=== Dataset excerpts ===
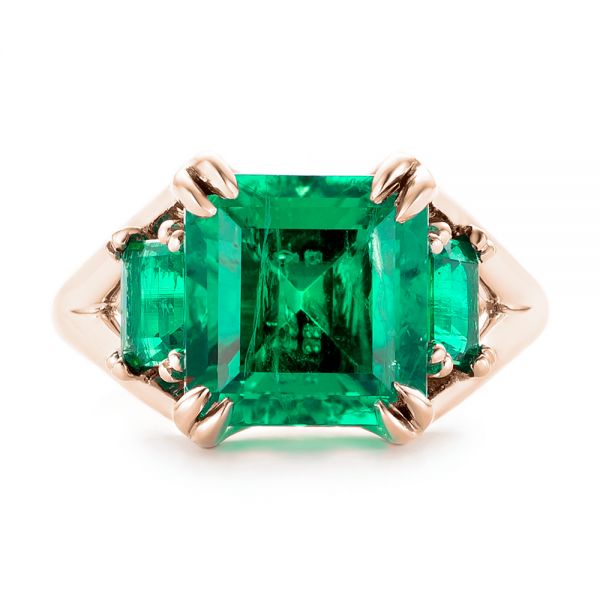 14k Rose Gold 14k Rose Gold Custom Three Stone Emerald Fashion Ring - Top View -  102894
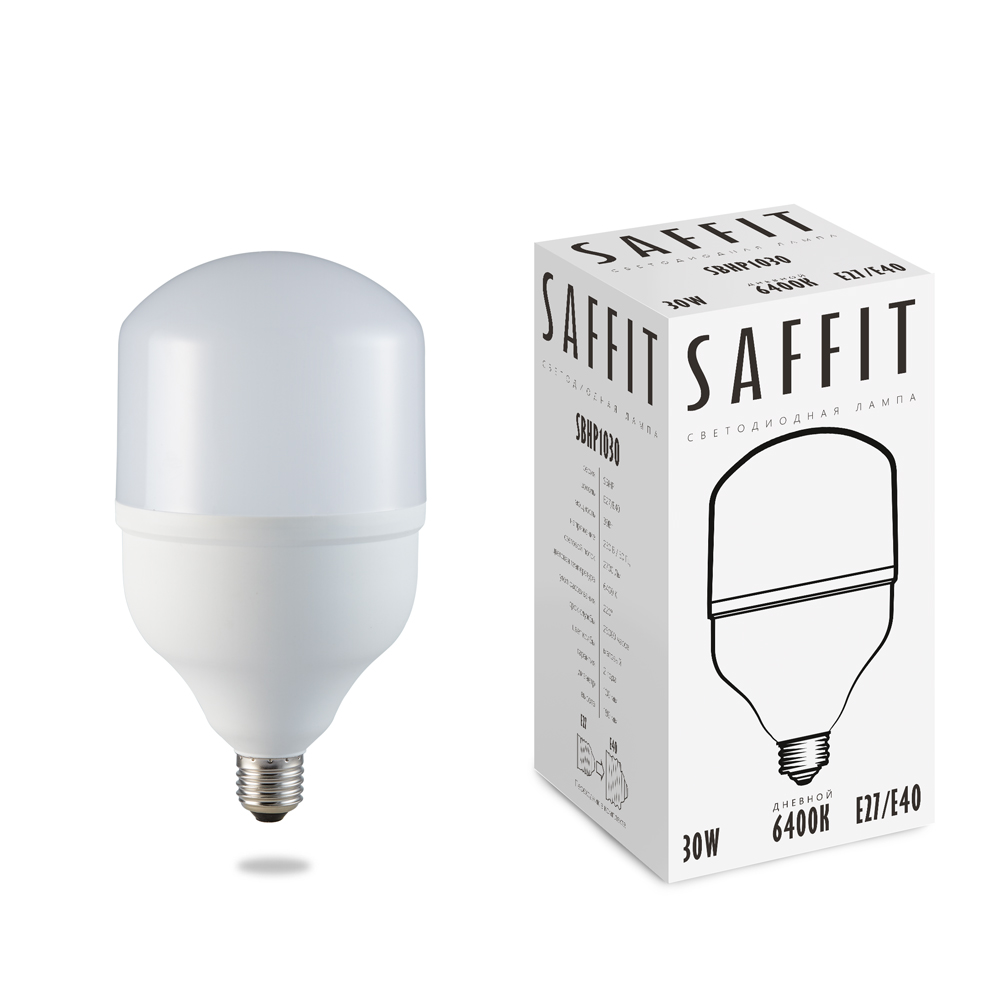 картинка Лампа светодиодная SAFFIT SBHP1030 E27-E403 30W 4000K(АРТ.55090) от интернет магазина Ampertorg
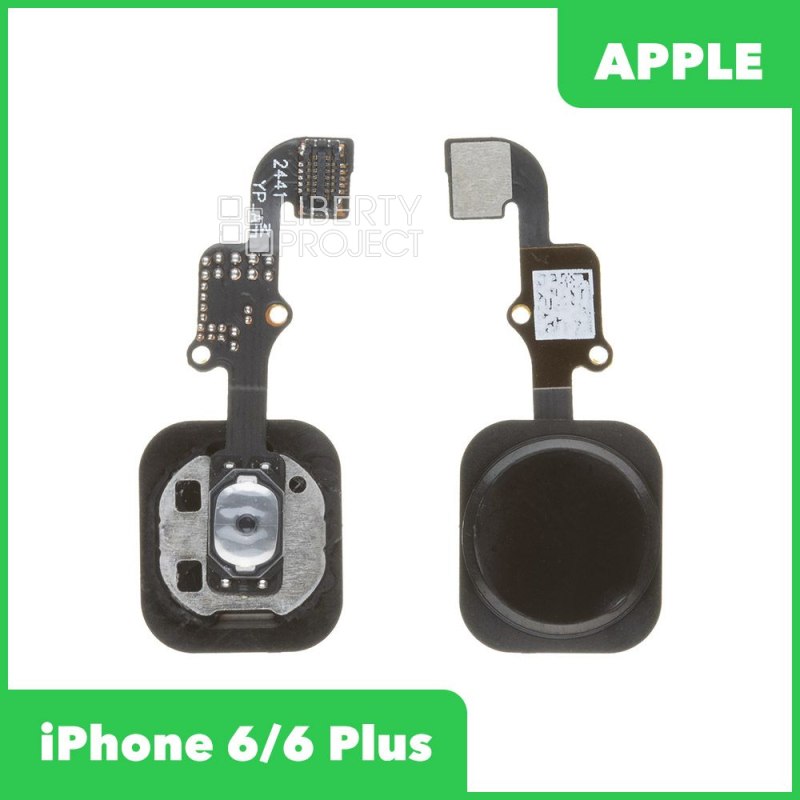 Шлейф/FLC iPhone 6/6 Plus с кнопкой Home (черный)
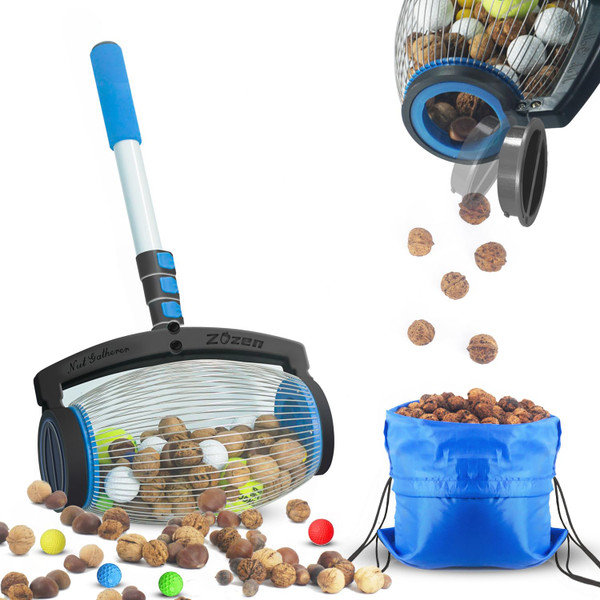 Zozen Nut Gatherer, Pecan Picker Upper, Walnut Picker Upper Roller, Side Opening Dump/Also Apply to Hickory Nuts, Chestnuts, Buckeyes, Golf, Butternuts, Objects Size 3/4'' to 2''; 1.5 Gallon
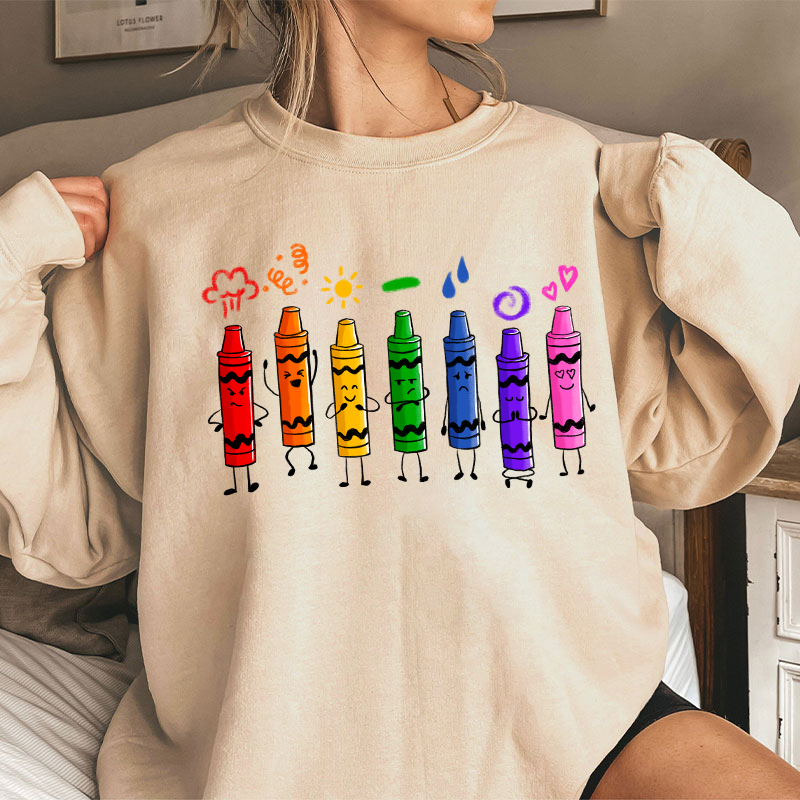 Mood Color Crayons Teacher Sweatshirt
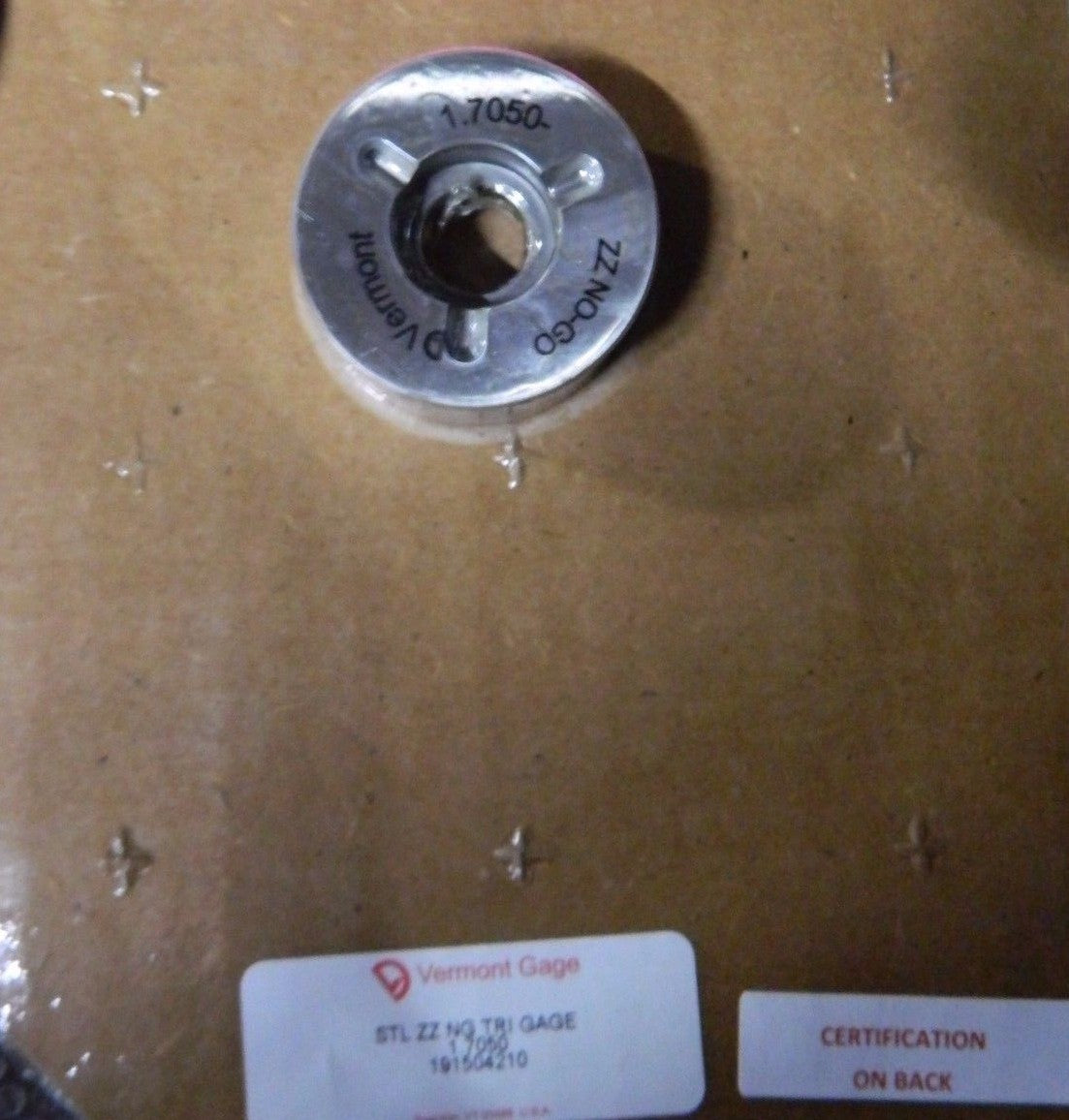 Vermont Gage STL ZZ No Go Trilock Gage 1.7050 191504210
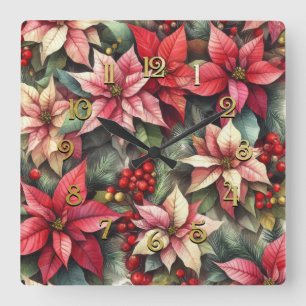 Horloge Carrée Aquarelle rose et rouge Poinsettia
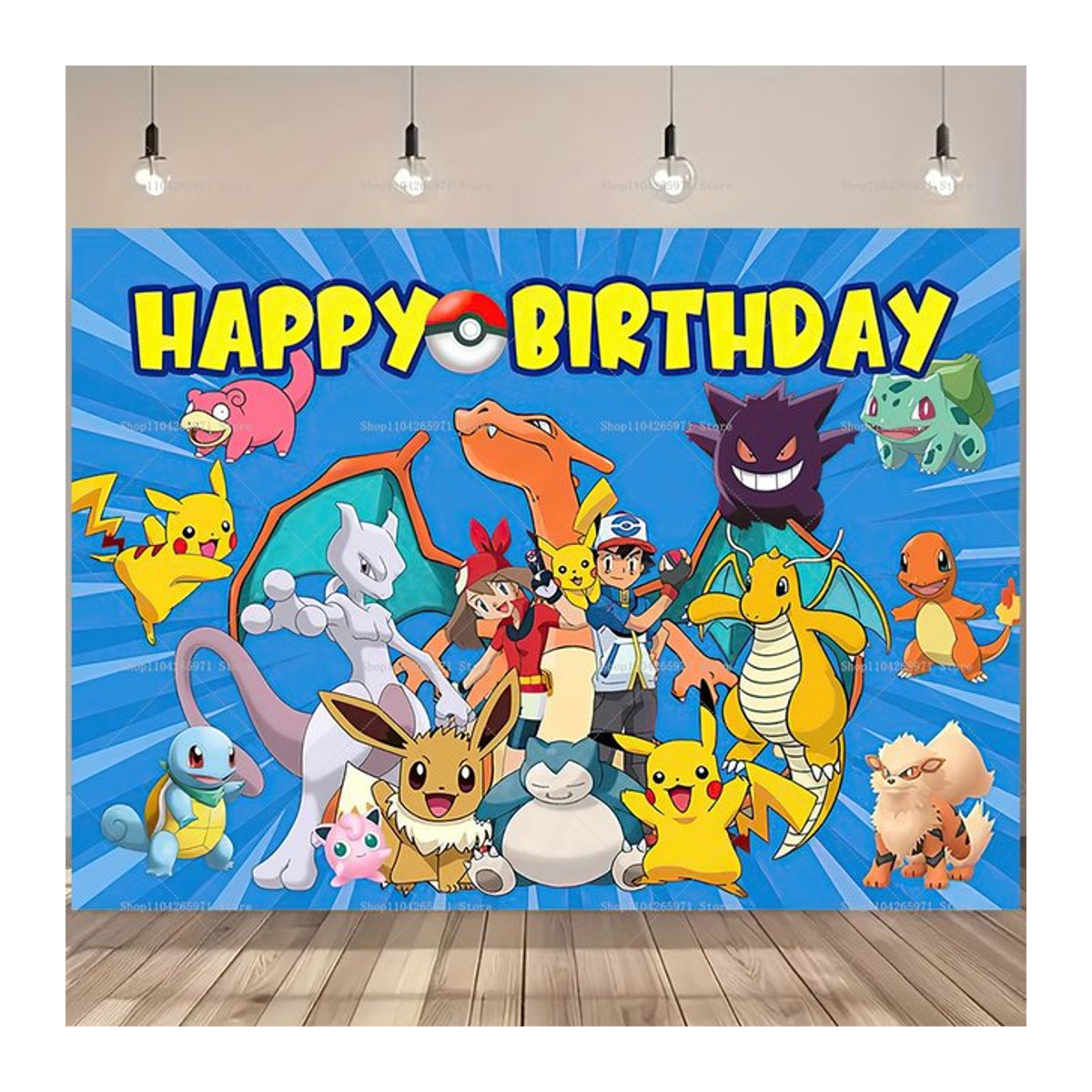 Potdemiel Pokemon Pikachu Party-Hintergrund für Kinder, mehrfarbiger Fotostudio-Banner zur Dekoration für Geburtstage und Babypartys - Bild 1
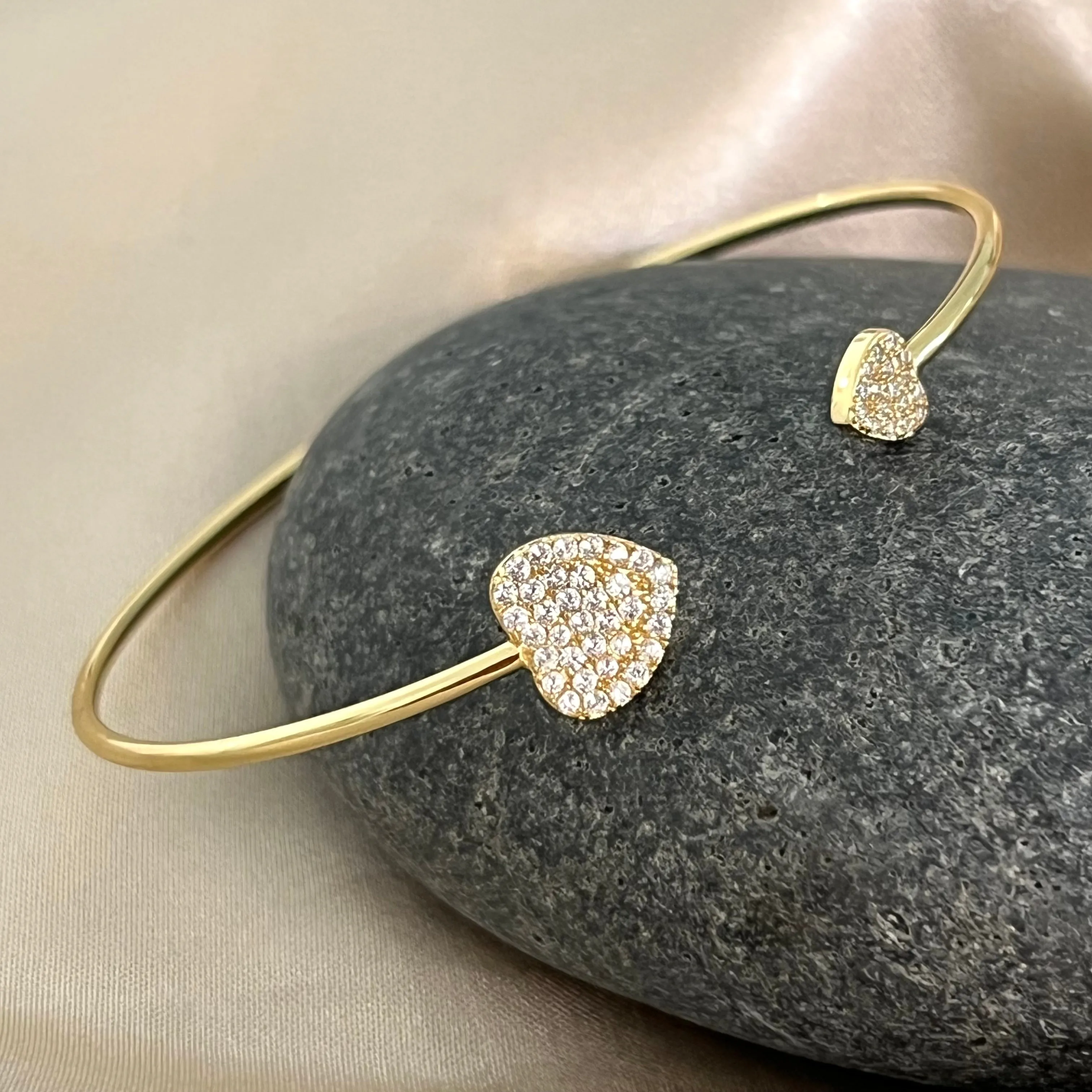 925 Sterling Silver Cuff Bracelet with CZ Hearts - Gold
===
■ Work to be completed ■
Please print the records above once more, word for word, omitting all pictures.

■ Solution below ■
 14k Rose Gold 14k Rose Gold Custom Three Stone Emerald Fashion Ring - Top View -  102894
 картинка Лампа светодиодная SAFFIT SBHP1030 E27-E403 30W 4000K(АРТ.55090) от интернет магазина Ampertorg
 Шлейф/FLC iPhone 6/6 Plus с кнопкой Home (черный)
 Zozen Nut Gatherer, Pecan Picker Upper, Walnut Picker Upper Roller, Side Opening Dump/Also Apply to Hickory Nuts, Chestnuts, Buckeyes, Golf, Butternuts, Objects Size 3/4'' to 2''; 1.5 Gallon
 Mood Color Crayons Teacher Sweatshirt
 Vermont Gage STL ZZ No Go Trilock Gage 1.7050 191504210
 Horloge Carrée Aquarelle rose et rouge Poinsettia
 Potdemiel Pokemon Pikachu Party-Hintergrund für Kinder, mehrfarbiger Fotostudio-Banner zur Dekoration für Geburtstage und Babypartys - Bild 1
 925 Sterling Silver Cuff Bracelet with CZ Hearts - Gold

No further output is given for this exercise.